Problem statement — Below are some records. Write out the line that contains "Sailboat Bavaria 51 Cruiser Plan du bateau" and all lines after it, exactly, but not the pictures.

[Data provided]

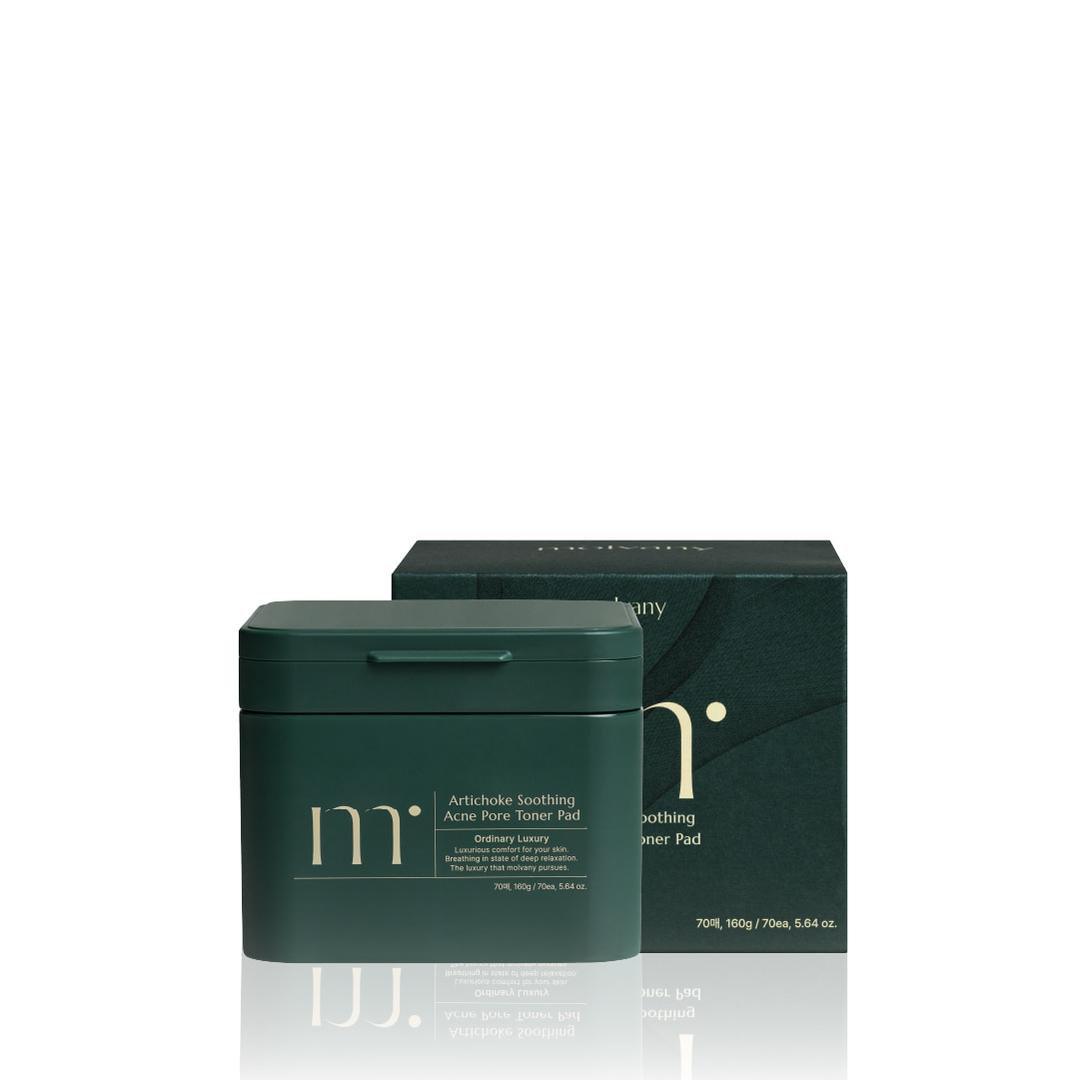 몰바니 아티초크 수딩 아크네 포어 토너 패드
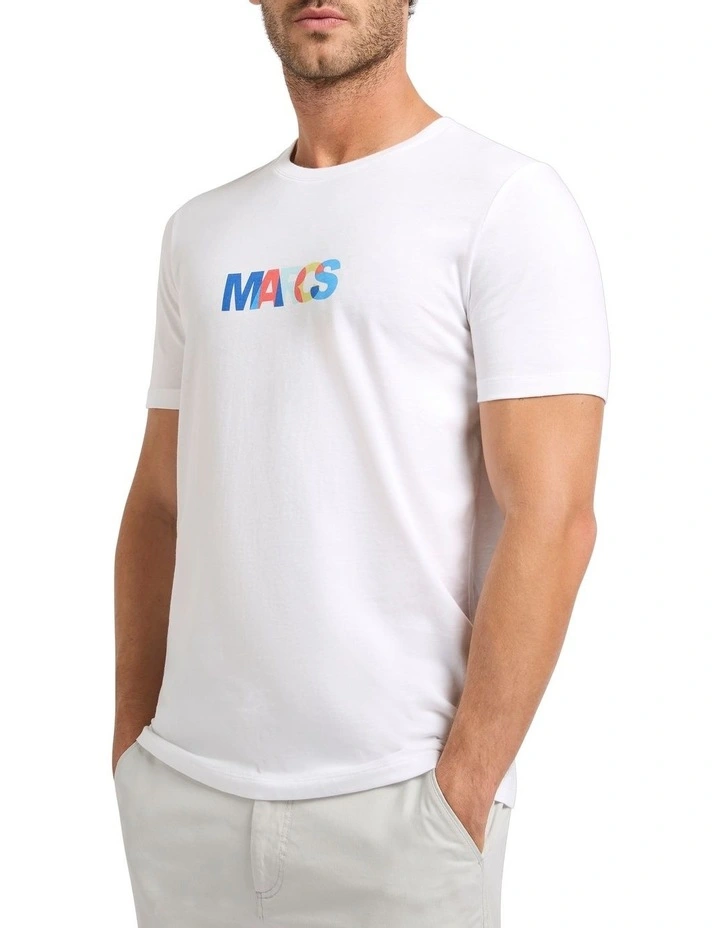 Logo Graphic Tee in White image 1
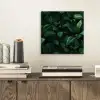 Bladeren - Ovaal - Groen - Nerven aluminium wit klein -sfeer1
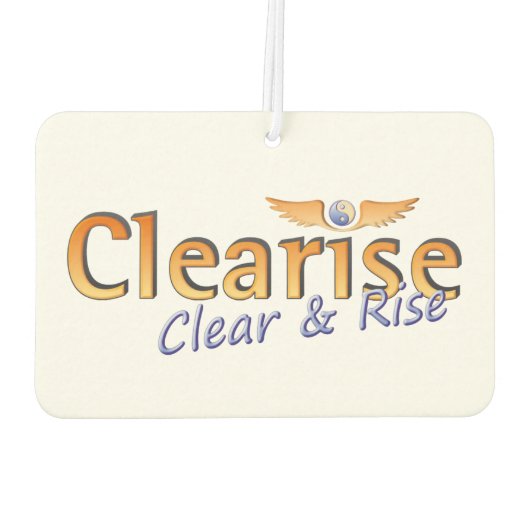 Clearise Logo カーエアーフレッシュナー (裏面)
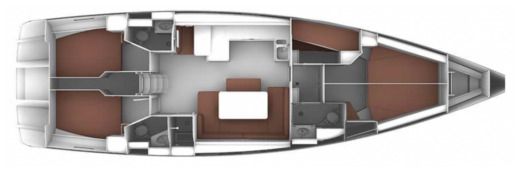 Sailboat Bavaria 51 Cruiser Plan du bateau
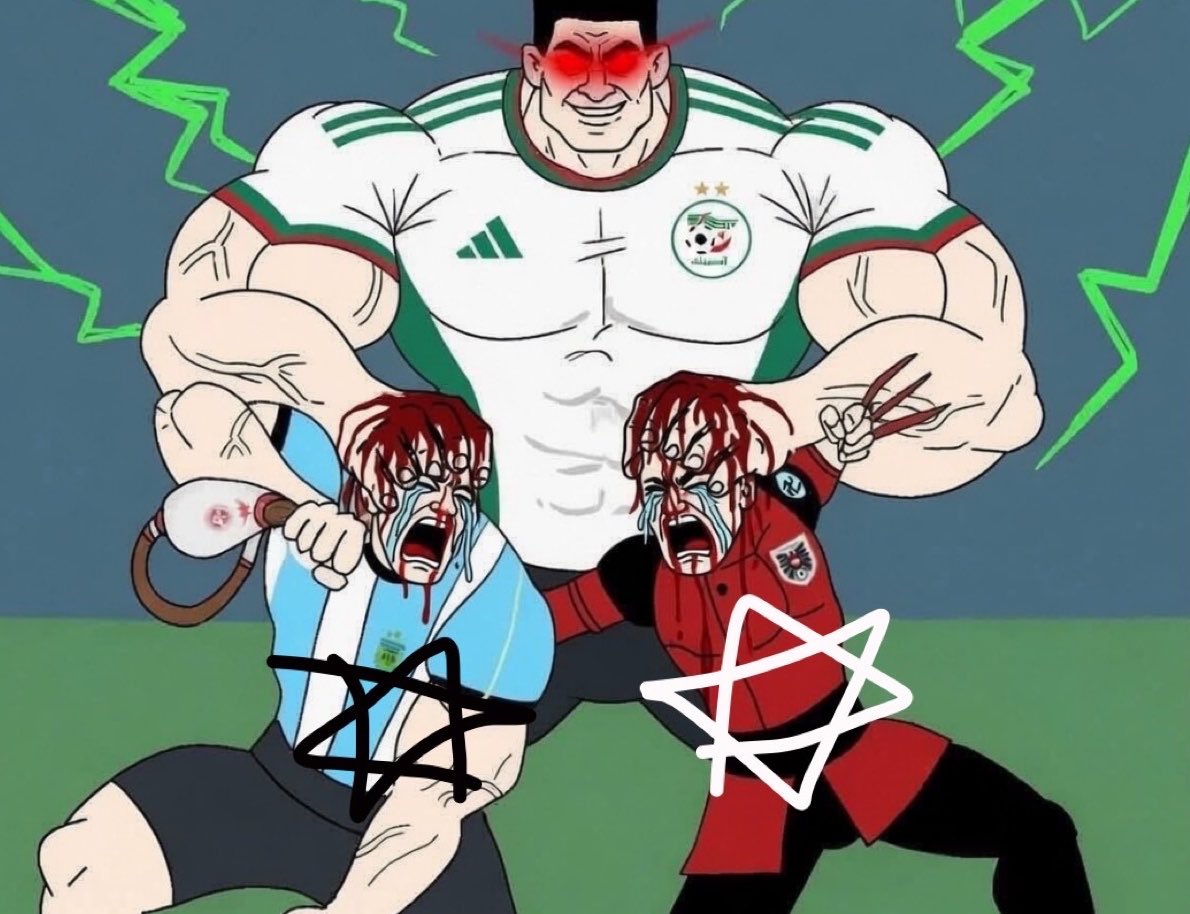 ss8db's tweet photo. Nazism Condemned :

🇩🇿❌
🇦🇹✅
🇦🇷✅

Recognizes the Holocaust : 

🇩🇿❌
🇦🇹✅
🇦🇷✅

Antisemitism Condemned : 

🇩🇿❌
🇦🇹✅
🇦🇷✅

Recognize Israel : 

🇩🇿❌
🇦🇹✅
🇦🇷✅

% of the population who are antisemitic :

🇩🇿>99%
🇦🇹28%
🇦🇷24%

Algeria > Argentina + Austria https://t.co/TpUAK81WJ1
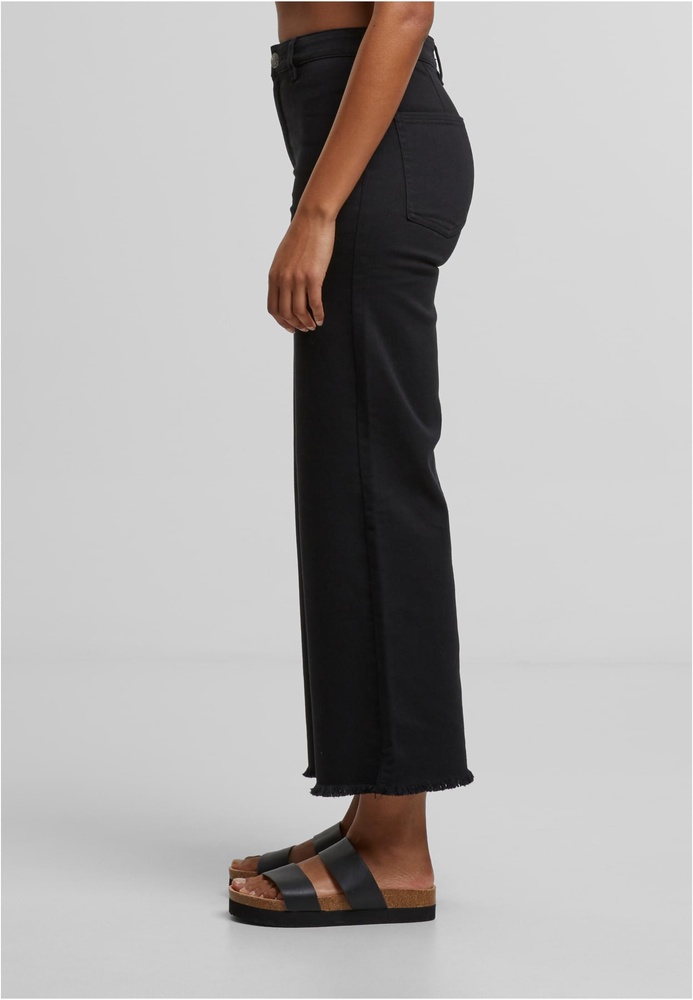 UrbanClassicsDamenJeanshosenLadiesRelaxedStraightFitDenimTB7546Black-26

[/Data provided]

Finished task —
 Sailboat Bavaria 51 Cruiser Plan du bateau
 ss8db's tweet photo. Nazism Condemned :

🇩🇿❌
🇦🇹✅
🇦🇷✅

Recognizes the Holocaust : 

🇩🇿❌
🇦🇹✅
🇦🇷✅

Antisemitism Condemned : 

🇩🇿❌
🇦🇹✅
🇦🇷✅

Recognize Israel : 

🇩🇿❌
🇦🇹✅
🇦🇷✅

% of the population who are antisemitic :

🇩🇿>99%
🇦🇹28%
🇦🇷24%

Algeria > Argentina + Austria https://t.co/TpUAK81WJ1
 UrbanClassicsDamenJeanshosenLadiesRelaxedStraightFitDenimTB7546Black-26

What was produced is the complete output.